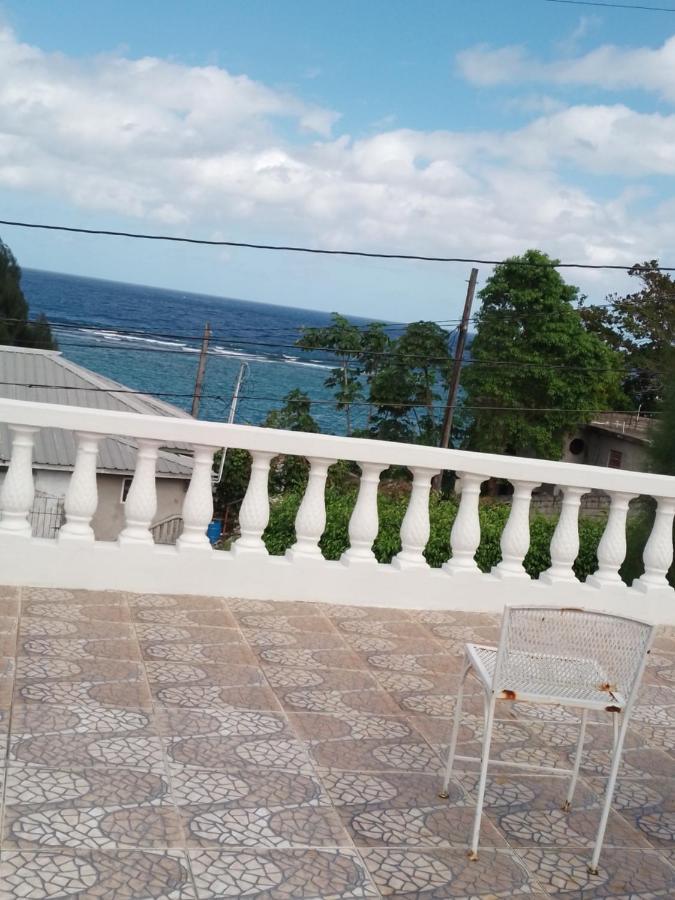 Tina'S Guest House Ocho Rios Buitenkant foto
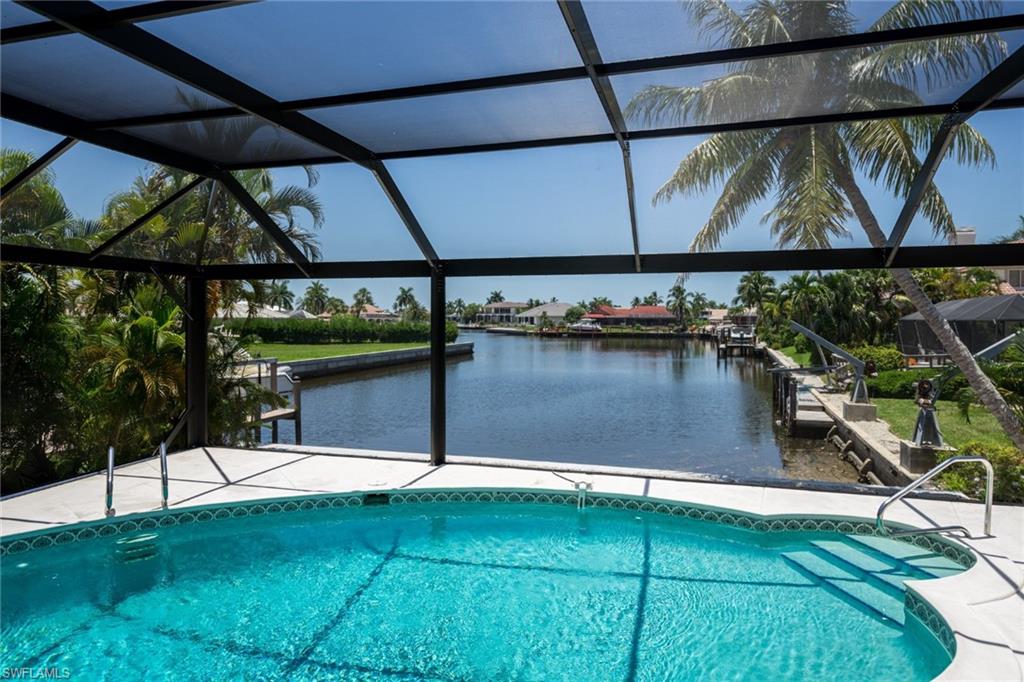 MARCO BEACH - Residential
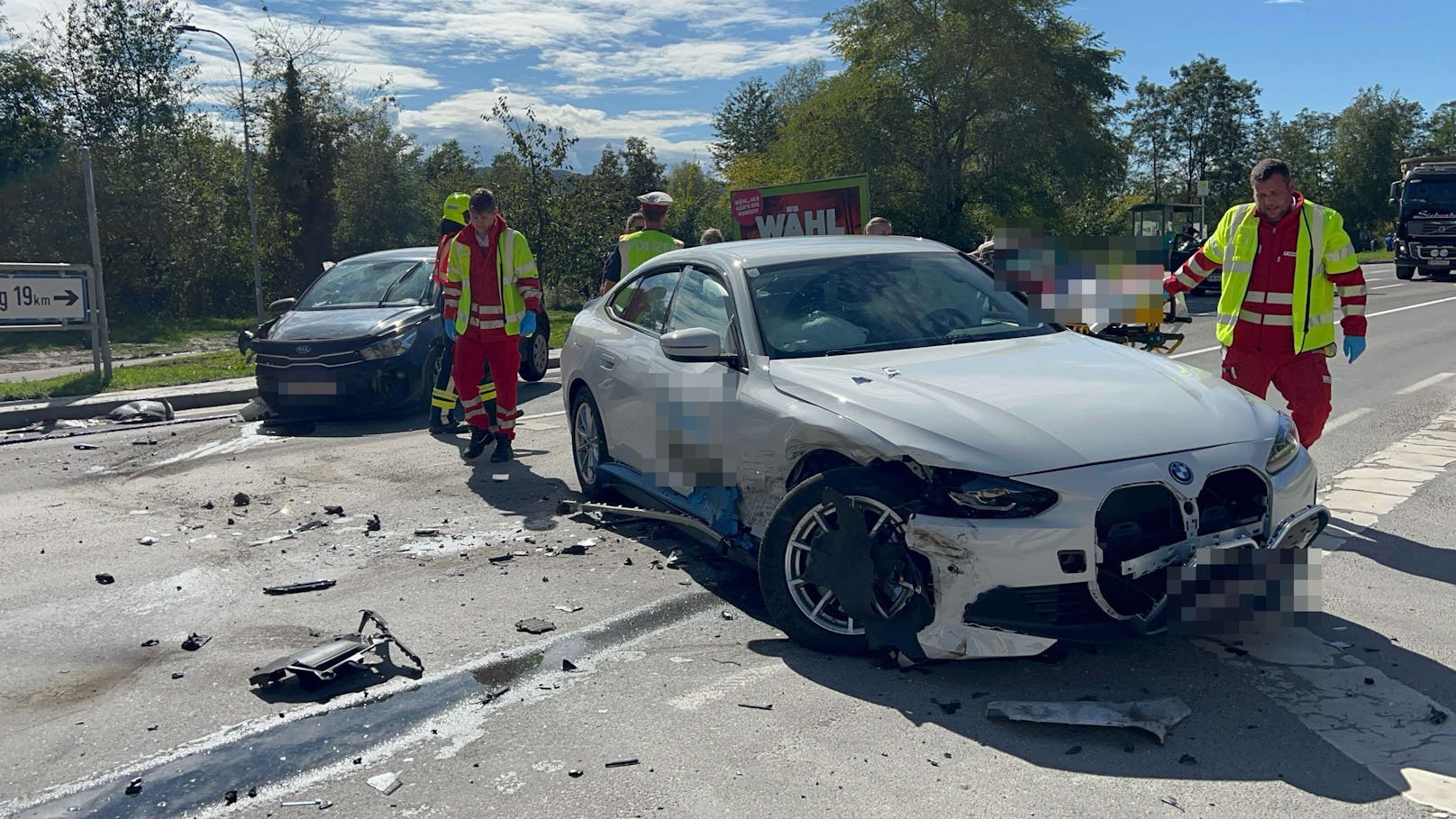 In Luberegg (Bezirk Melk) fuhren zwei Autos frontal zusammen. Es gab zwei Verletzte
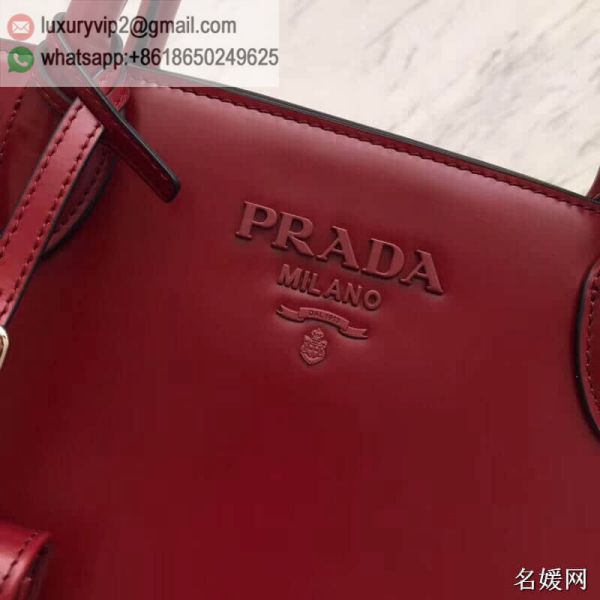 luxury deals: prada outlet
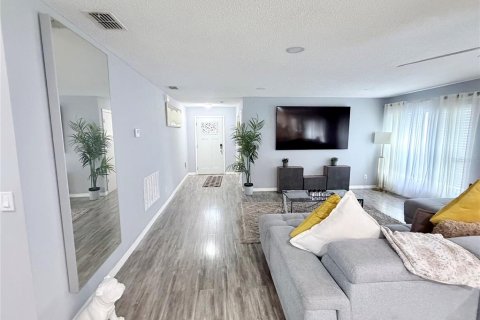 Villa ou maison à vendre à Orlando, Floride: 4 chambres, 179.21 m2 № 2322651 - photo 4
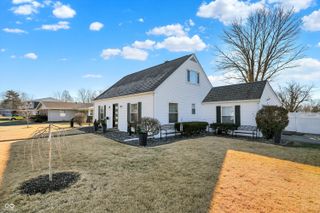 3309 Larkspur Lane, Columbus, IN 47203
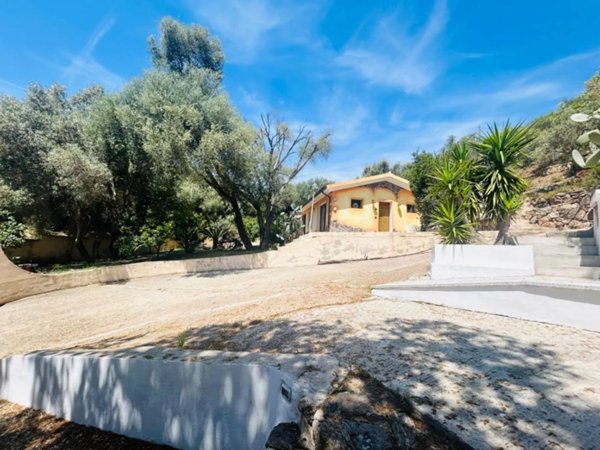 casa indipendente in vendita ad Olbia in zona Cugnana
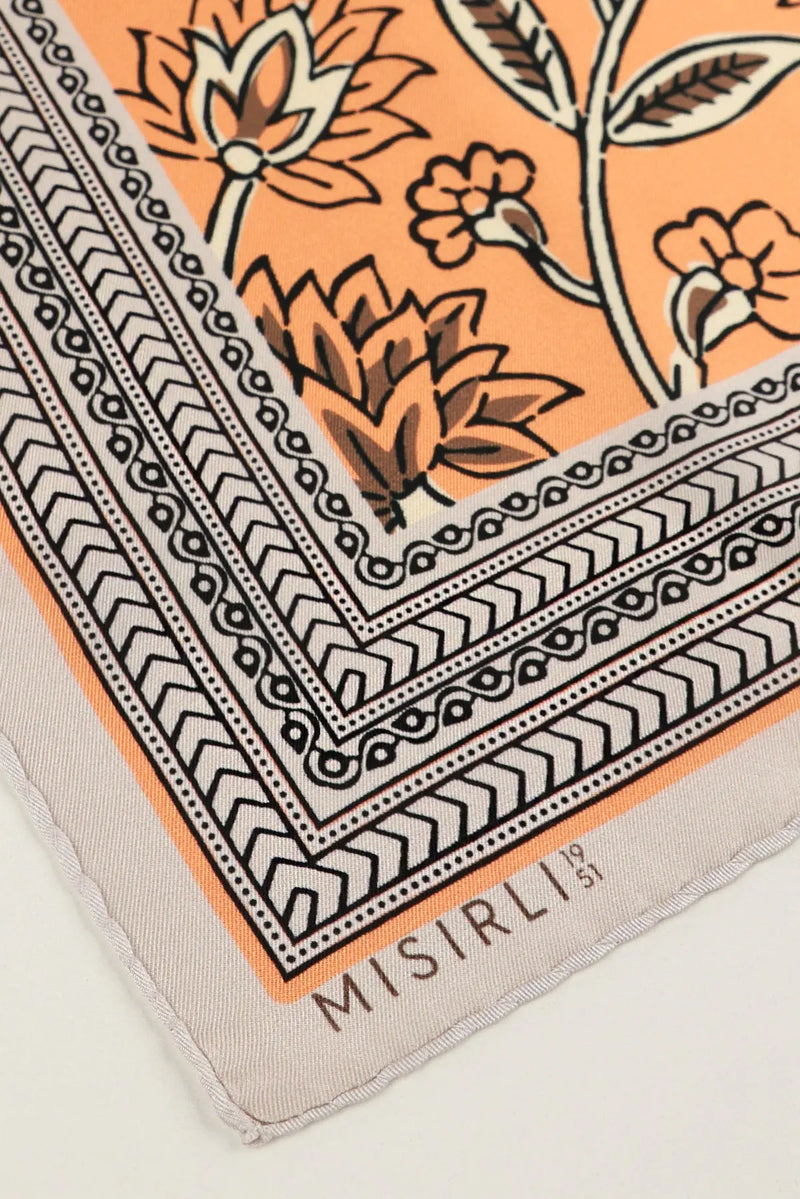 Şeftali Retro Floral Desenli İpek Eşarp  Mısırlı 1951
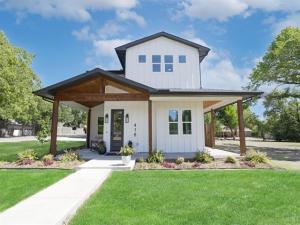 MLS #21354930 image #0
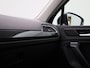 Volkswagen Tiguan 1.5 TSI Elegance 150 PK| Dealeronderhouden | Trekhaak | Navigatie | Achteruitrijcamera | Climatronic ( 3 zones ) | Parkeersensoren + Assistent | Achterklep Elektrisch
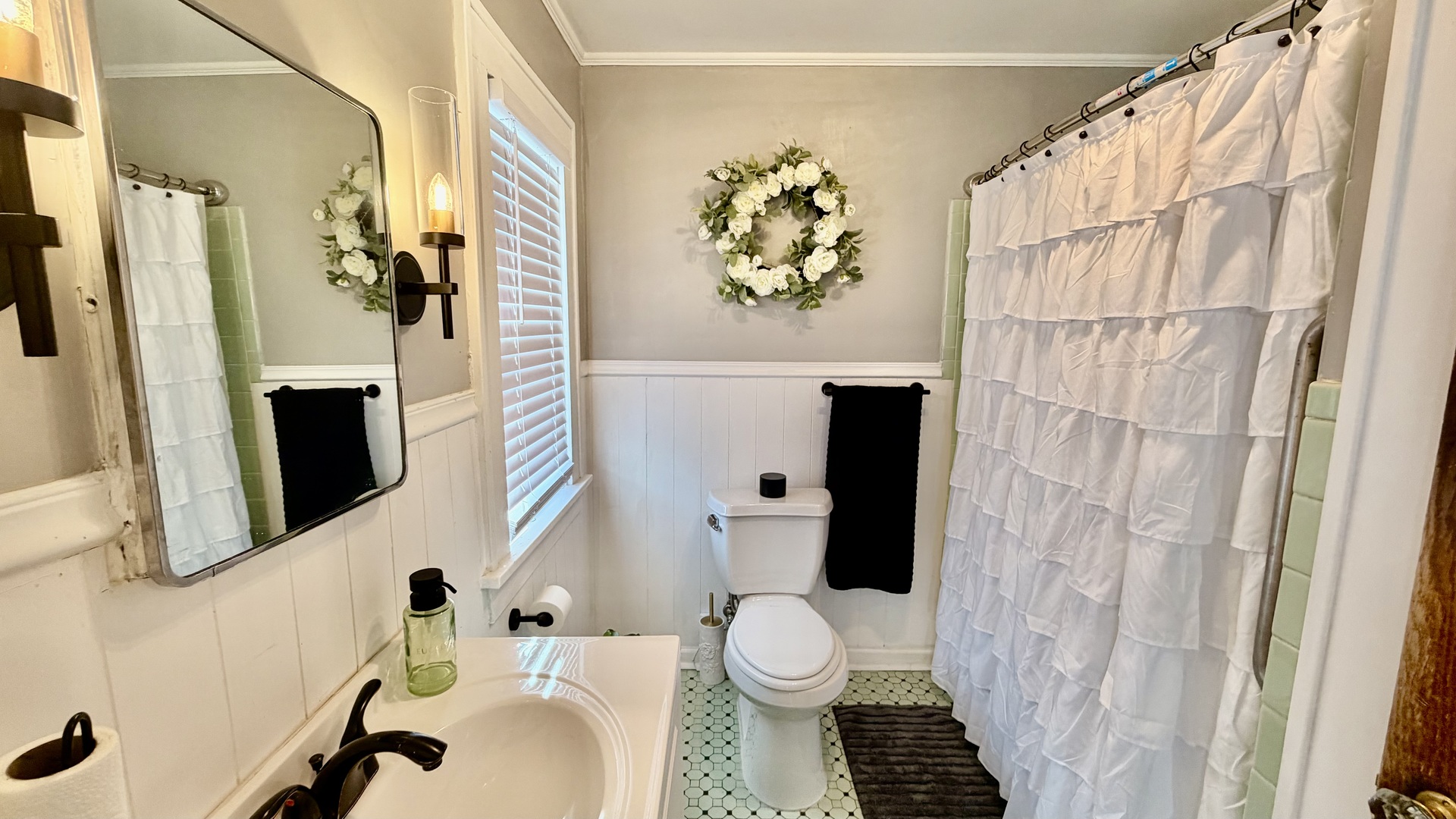 909 East 3rd Street Centralia, IL 62801 - Photo 25 of 25 a bathroom with a sink and a toilet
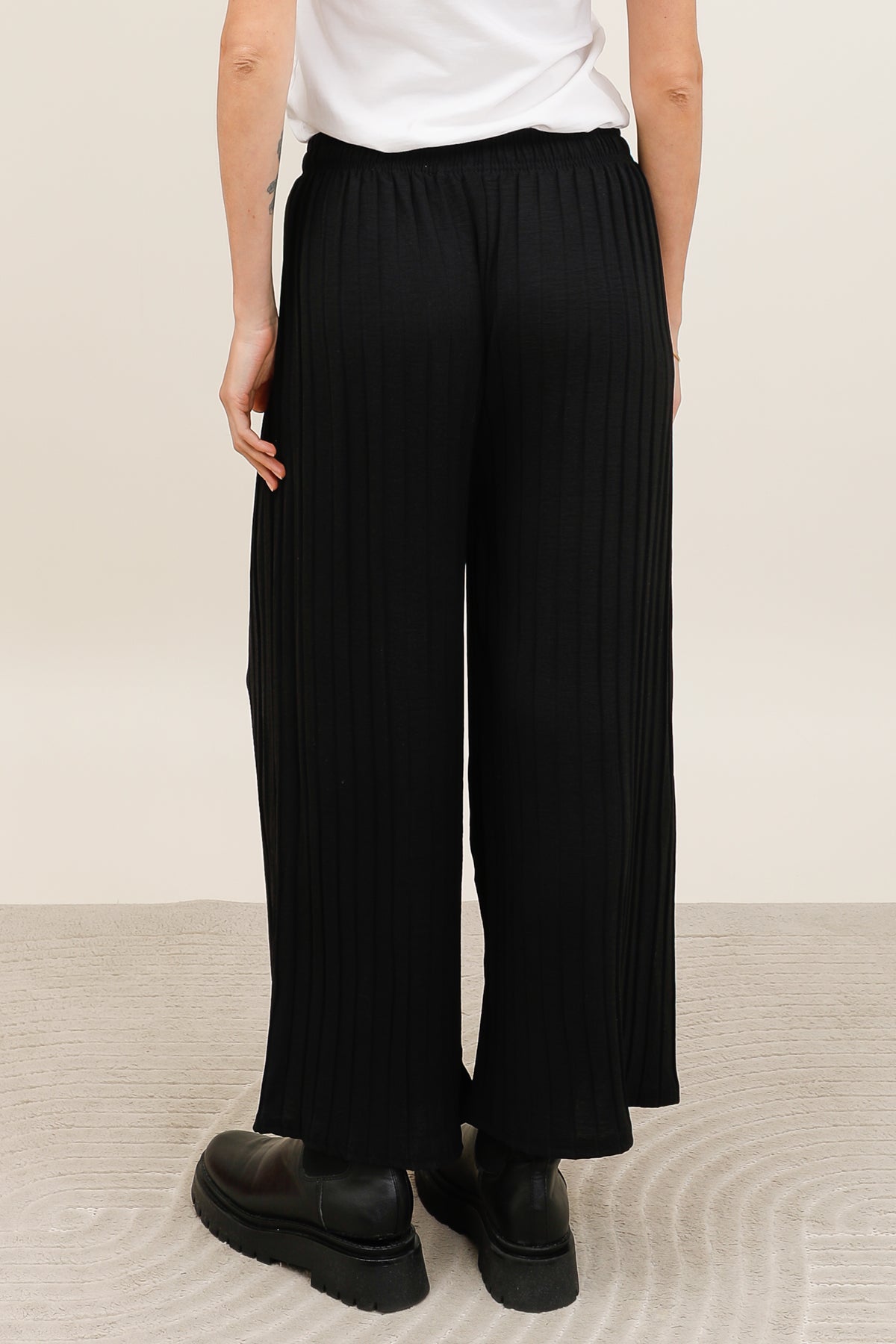 P02 - Pant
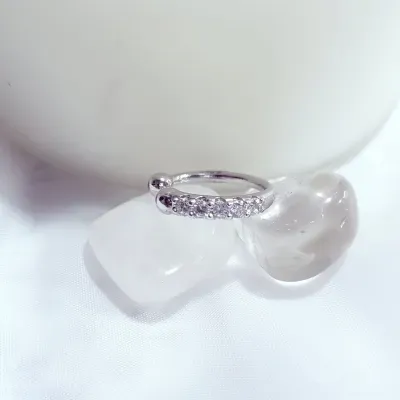 piercing rodio meio orelha 1 fio grosso com 5 zirconias grandes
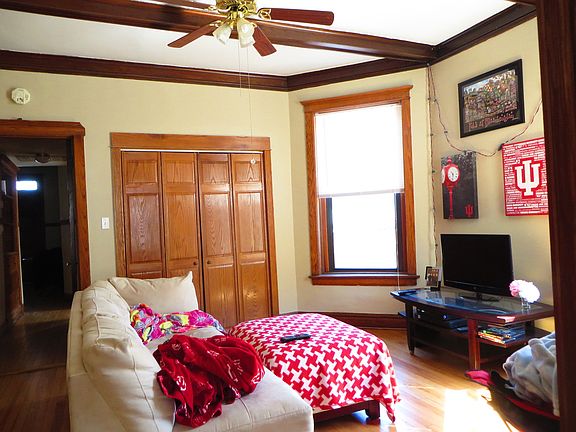 5th image of 3751 N Southport Ave #2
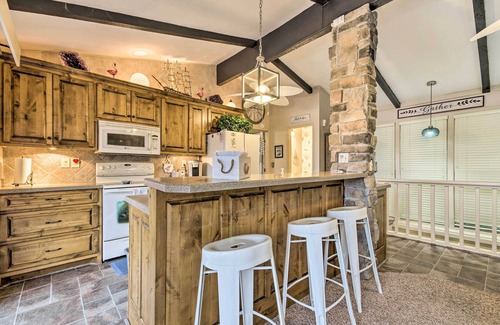 Lake Ozark House | Waterfront Lake Ozark Home w/Deck & Grill!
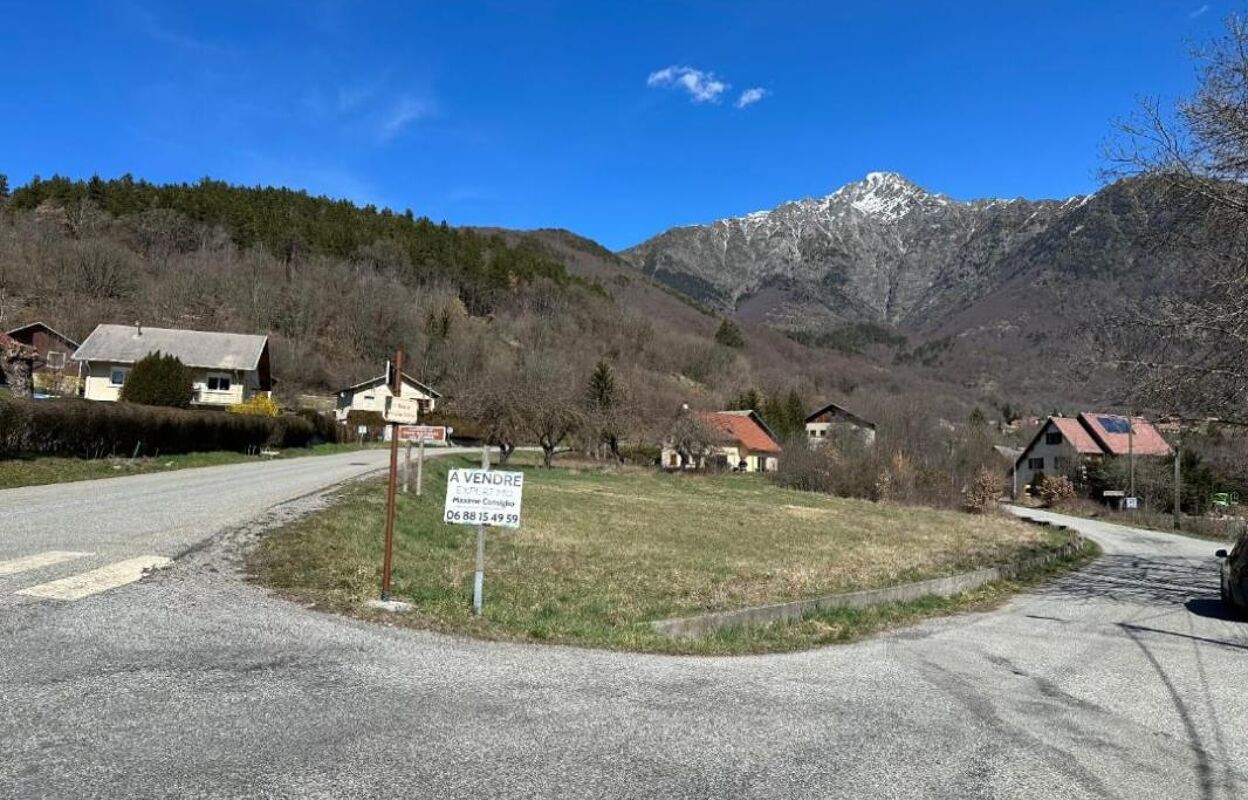 terrain  pièces 910 m2 à vendre à Saint-Firmin (05800)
────────
Pictures stay out; copy every entry above exactly.

*SOLUTION BELOW*
 Tina'S Guest House Ocho Rios Buitenkant foto
 MARCO BEACH - Residential
 In Luberegg (Bezirk Melk) fuhren zwei Autos frontal zusammen. Es gab zwei Verletzte
 luxury deals: prada outlet
 Villa ou maison à vendre à Orlando, Floride: 4 chambres, 179.21 m2 № 2322651 - photo 4
 3309 Larkspur Lane, Columbus, IN 47203
 casa indipendente in vendita ad Olbia in zona Cugnana
 Şeftali Retro Floral Desenli İpek Eşarp  Mısırlı 1951
 MLS #21354930 image #0
 Volkswagen Tiguan 1.5 TSI Elegance 150 PK| Dealeronderhouden | Trekhaak | Navigatie | Achteruitrijcamera | Climatronic ( 3 zones ) | Parkeersensoren + Assistent | Achterklep Elektrisch
 909 East 3rd Street Centralia, IL 62801 - Photo 25 of 25 a bathroom with a sink and a toilet
 P02 - Pant
 piercing rodio meio orelha 1 fio grosso com 5 zirconias grandes
 5th image of 3751 N Southport Ave #2
 Lake Ozark House | Waterfront Lake Ozark Home w/Deck & Grill!
 terrain  pièces 910 m2 à vendre à Saint-Firmin (05800)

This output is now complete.